Blogger silky-D said...

I think the cool kids and hep beatniks call them poetry slams nowadays...

although Eisteddfod is loaded with unintended irony, given that Wikipedia notes the term derives from the welsh for 'sit' and sitting is the one activity that I am banned from doing in these dark days.

also interesting is the fact that the plural of eisteddfod is eisteddfodau.

26/11/07 15:39  
Anonymous Anonymous said...

Allo allo mr unrelenting interweb and bandmates,

we have been enjoying your movie late at night here in Austria, and it has puzzled the local sons of Mozart. Particularly, the whole wacky, zany, esoteric Hinny thing because music is about being a member of Foreigner or Boston or something 80s like that and the Cosmic Psychos are a long way away.

The link above will show you what your son might look like if he was born a few years ago and had his photo taken at my local Kelten museum here on the bicycle path of the river Salzach.

The museum contains more Keltic jewelry, armour and miscellaneous gold that I have seen everywhere else put together.

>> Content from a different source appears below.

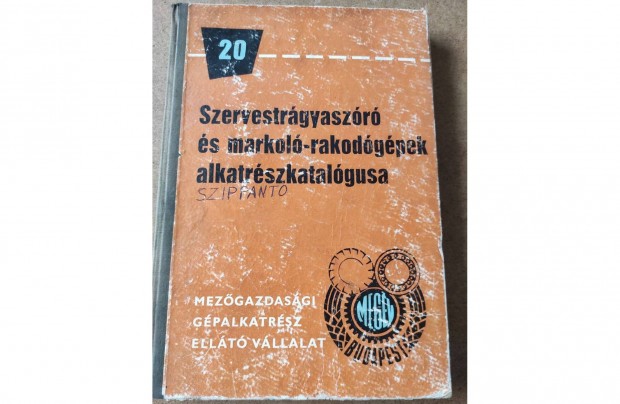 Szervestrgyaszr s markol-rakodgpek alkatrszkatalgus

These celts must have lived a long way from the coastal scam vikings who might have relieved them of their earthly goods. No poetry or music in the museum mind you, except for the single note warhorns, probably because time eats all wooden twangplanks.

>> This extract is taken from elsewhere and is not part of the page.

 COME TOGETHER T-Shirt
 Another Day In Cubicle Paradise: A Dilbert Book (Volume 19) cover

Here now revealed for the first time on your interweb is the secret of the Celts according to your scholarly senior brother :
The Salzach river and the town of Hallein both refer to salt and the extensive saltmines and trading ie Salz and Halides. The area is also host to the earliest celtic archaeological finds in Europe.
In French salt is Sel.. It is not long a stretch to imagine that the term Selt(Celt) derives from Salz.

Next week:
Why Americans really do understand irony and Brits and Australians don't know the real meaning of the word.

29/11/07 08:04  
Blogger Unrelenting Tedium said...

Well hello brother Lachlan. Meine brudder aus oestereich. I don't see the Hinny thing as quite so whacky and zany but it is good to know that is how it comes across. The celtic gear is certainly a bold theory and I can't fault it.